せっかく忙しい週末にスケジュールを調整したにも関わらず、
理事会が不成立になってしまった…
そのような経験をした役員の方も、もしかしたらいらっしゃるかもしれません。
冒頭のとおり、あらかじめスケジュールを役員間で調整しながら計画した理事会が、役員の出席の悪さで成立しないとなると、役員自身だけではなく、管理組合としてもロスが発生します。

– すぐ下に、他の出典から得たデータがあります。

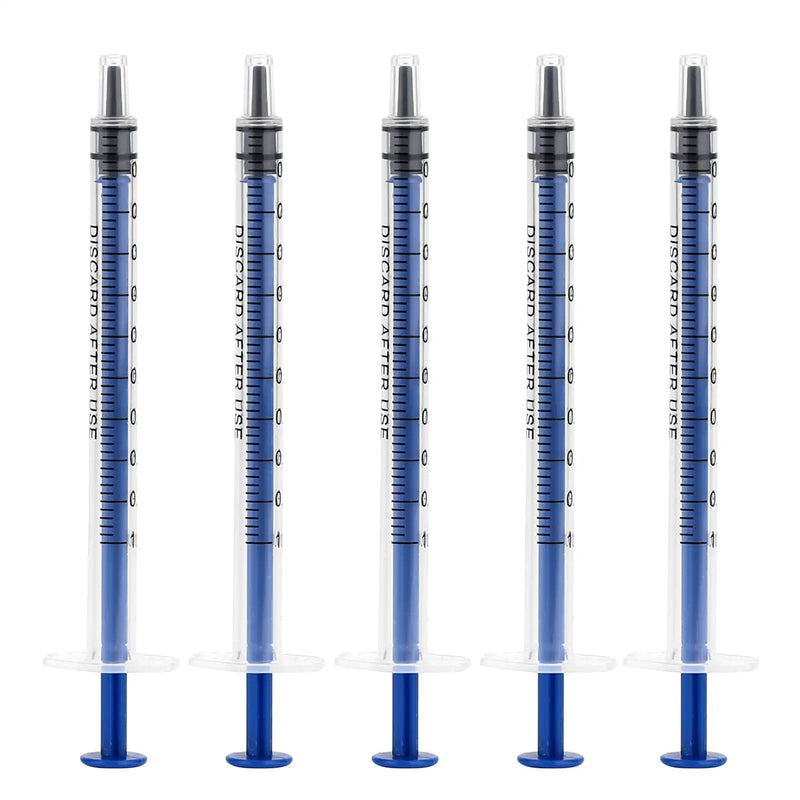 LUTER 12Pcs 1ml Plastic Syringes, No Needle Plastic Syringe with Measurement for Scientific Labs Experiment, Dispensing, Measuring Liquids, Watering, Feeding Pets, Oil or Glue Applicator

このような理事会不成立が発生しないような対策を、今回は確認します。
理事会が不成立にならないために管理組合としてなすべき対策は?
今回は以下のような内容を紹介します。
・不成立とならないために事前にできる対策方法は?
・理事会成立のためのポイントは?
管理組合における理事会は、あらかじめ役員の間でスケジュールを調整して、役員の都合が
よいときに開催することが一般的でしょう。
しかしながら、不成立という事態も場合によっては発生します。
この不成立という事態を回避し、理事会運営を先に進めていくことが重要です。
やむを得ない理由であるとは考えられますが、役員は極力出席することが求められます。
理事会が不成立となるのはどのようなケースか?
まず、理事会が不成立となるケースについて、確認してみたいと思います。
当日理事が集まらない
一番多いのはこちらのケースでしょう。
当日予定していた理事会の場に、本来出席すべき理事が集まらない場合です。
管理規約のひな型である標準管理規約によると、
・その議事は出席理事の過半数で決する
とあり、理事の半数以上(過半数ではなくてよい)が出席しなければ、理事会は無効です。
また、議事は出席理事の過半数で可決となります。
そのため、理事の出席が偶数で賛否が半々だと否決となってしまう点に注意が必要です。
ちなみに、「理事の」とあるので、理事会には監事の出席がなくても開催できます。
また、議事においては監事の票数はカウントしません。
招集通知の案内が遅かった
同じく、標準管理規約によると、理事会の招集通知は総会の招集通知に準用する形となっています。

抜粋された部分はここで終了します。